Fuel Level Gauges Autometer How They Work How To Install Tutorial Instructions Ohms Wiring

Year after year one of the most common topics
we deal with on the Auto Meter tech line is fuel level gauges. While one of the simplest
gauges we make, there are a number of variables that have the potential to trip you up if
you’re unprepared. We decided to take a road trip to put together some information [inaudible
00:00:15] out. Hopefully we can help you to get your fuel level gauge installed correctly
the first time or sort out one that isn’t functioning the way you want it to. Now for the past 100 years or so, the basic
concept of the fuel level gauge and sender hasn’t changed. The gauge is in essence an
O meter with an E and an F rather than numbers to indicate resistance. Typically the sender
has a flow of some sort attached to a rheostat that varies resistance depending on the position
of the flow. These can be on an arm or sometimes in a tube. Some are capacitive and have no
moving parts at all. Now regardless of the type, their function remains exactly the same.
Auto Meter makes gauges in a number of different resistance ranges as well as [inaudible 00:00:59]
units, should the range of your sender not be covered. We got this old Chevy here to use as a test
bed. Everything is easily accessible and out in the open on this truck, which makes it
the perfect demonstration vehicle. The first step in getting your fuel level gauge working
is to determine the resistance range of your sending unit. We need to know what the sender
reads at full and at empty to select the proper gauge. Because our Chevy has the sender right
behind the seats, we decided the easiest way to do this was to simply remove it and perform
a bench test. After disconnecting the fuel line from the pickup tube, we removed the
retainer ring and then very carefully pull the sender free from the tank. We don’t want
to bend the arm during removal as that’s a whole nother set of issues we don’t need.

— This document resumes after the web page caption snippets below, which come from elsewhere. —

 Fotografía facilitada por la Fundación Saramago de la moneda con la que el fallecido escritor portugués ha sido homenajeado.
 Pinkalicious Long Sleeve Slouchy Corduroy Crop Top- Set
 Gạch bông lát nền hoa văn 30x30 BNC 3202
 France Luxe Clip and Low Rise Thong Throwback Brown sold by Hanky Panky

Having a shop towel close by is a great idea as we don’t want to drip fuel all over the
interior. The resistance ranges Auto Meter has available: our zero to 90 ohm for mid
60s through mid 90s G-Ms, zero to 30 for older G-Ms, 73 to 10 for older Fords and Chryslers,
16 to 158 for more modern Fords and 240 to 33, which is sort of a universal after market
branch. Once everything’s out, you’ll want to put a towel over the hole to keep the cabin
from filling up with fumes. With the sender on the bench, we then hook the positive lead
of our own meter to the signal terminal and ground out the negative. We slowly move the
arm up to full and observe the results. Now you’ll almost never get one that reads exactly
what it should, but this particular unit is a nearly perfect zero to 90 ohms. Based on
this information, we select a corresponding Auto Meter gauge. I’m partial of the American
Muscle series, so that’s what we’ll be using. We put together the wiring by crimping quarter
inch spade connectors to the ends. There are a number of after market wiring harness manufacturers
that also offer one piece connectors for Auto Meter gauges if you prefer to go that route.

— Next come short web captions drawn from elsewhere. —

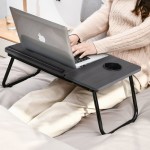 Adjustable Laptop Bed Desk with Cup Holder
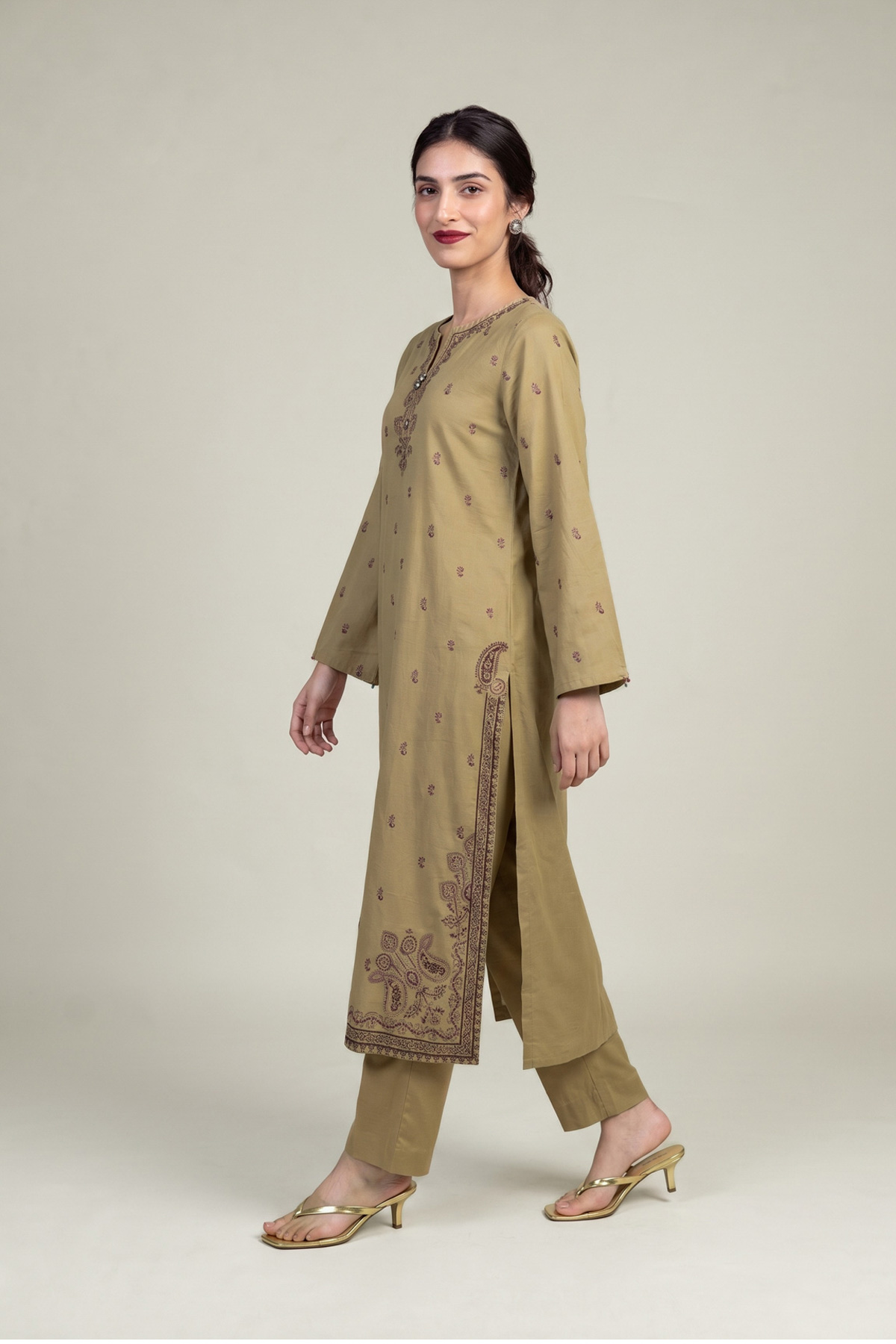 Embroidered Raw Silk Solid Olive Pants - 1-26-102-A-F-VG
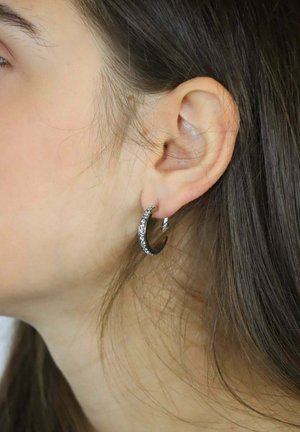 Orecchino a cerchio in argento con un design curvo, caratterizzato da una fila di piccole gemme chiare lungo il bordo esterno.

Now when running gauge wires, the one place you don’t want to take a shortcut is the grounds.
I fix more malfunctioning gauges by moving the ground wire than any other single step.

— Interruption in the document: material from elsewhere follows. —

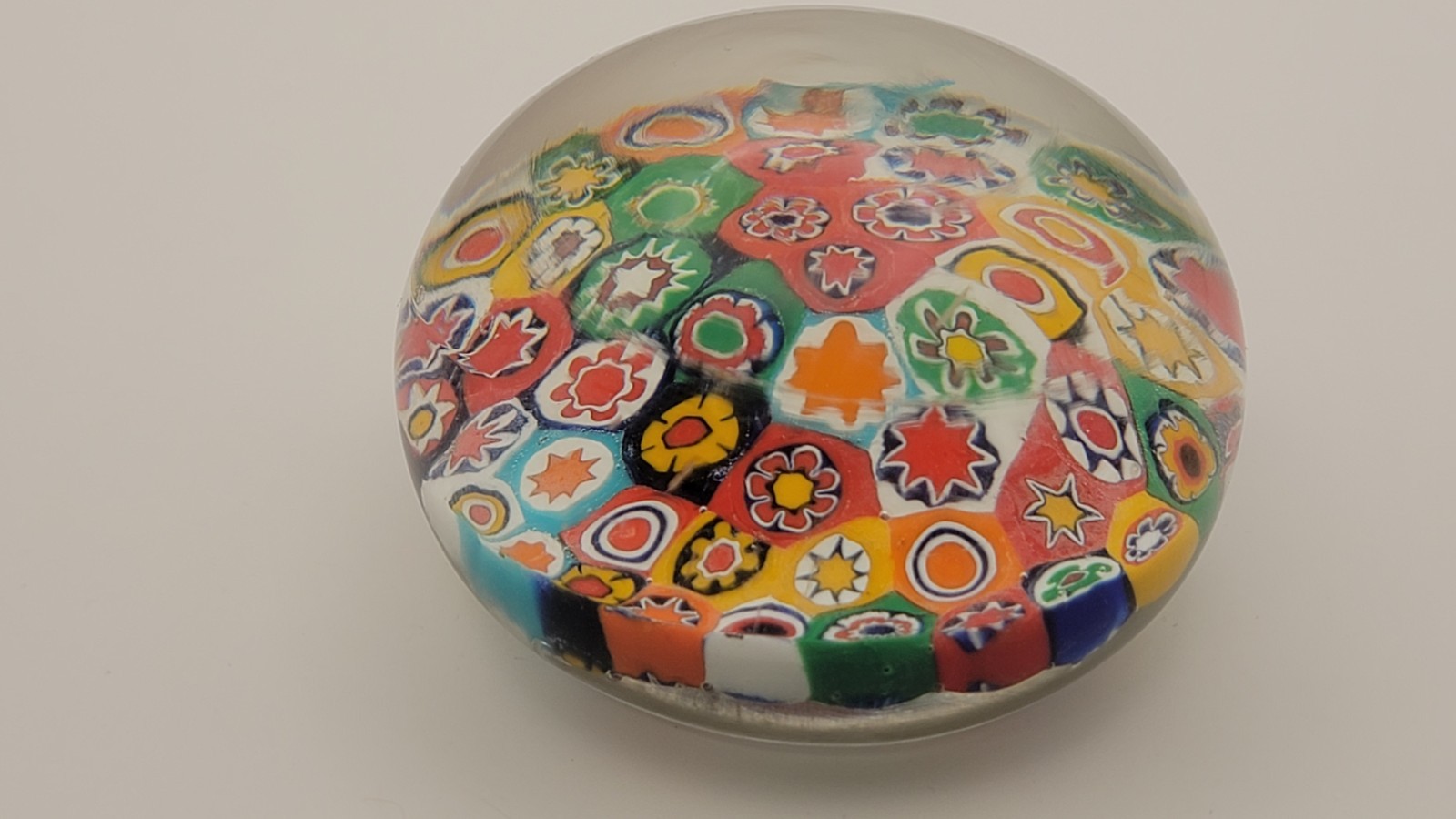 Millefiori Murano Art Glass Paperweight Decorative Multicolor Flower Stars AS IS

Take the extra couple of minutes and ground the gauge directly to the engine. With the
wiring out of the way, it’s time to reinstall the sending unit into the tank. Just reverse
the removal steps and you’re in business. Now in many cases, we’ll also add an auxiliary
ground wire to the body of the fuel level sender. An insufficiently grounded sender
can cause problems with gauge accuracy. We tested this vehicle beforehand and determined
this step wasn’t necessary, but if you aren’t sure whether or not your take and sender are
properly grounded, it’s always best to air on the side of caution. So let’s look at some common symptoms on fuel
level gauges. A poor connection with the signal wire can cause the gauge to read higher than
it should or peg out completely as we see here. A bad ground for the sending unit can
cause the exact same problem. A poor gauge ground can cause it to read lower than it
should or not come off the [inaudible 00:04:07]. This holds true for all gauges where higher
resistance means a higher reading such as the G-M and newer Fords. On gauges where a
lower resistance level means a higher reading like the universal after market and the early
Ford and Chrysler, the steps are reversed. Well I hope this has helped to shed some light
on fuel level gauges. As always, thank you for choosing Auto Meter for your winning ride.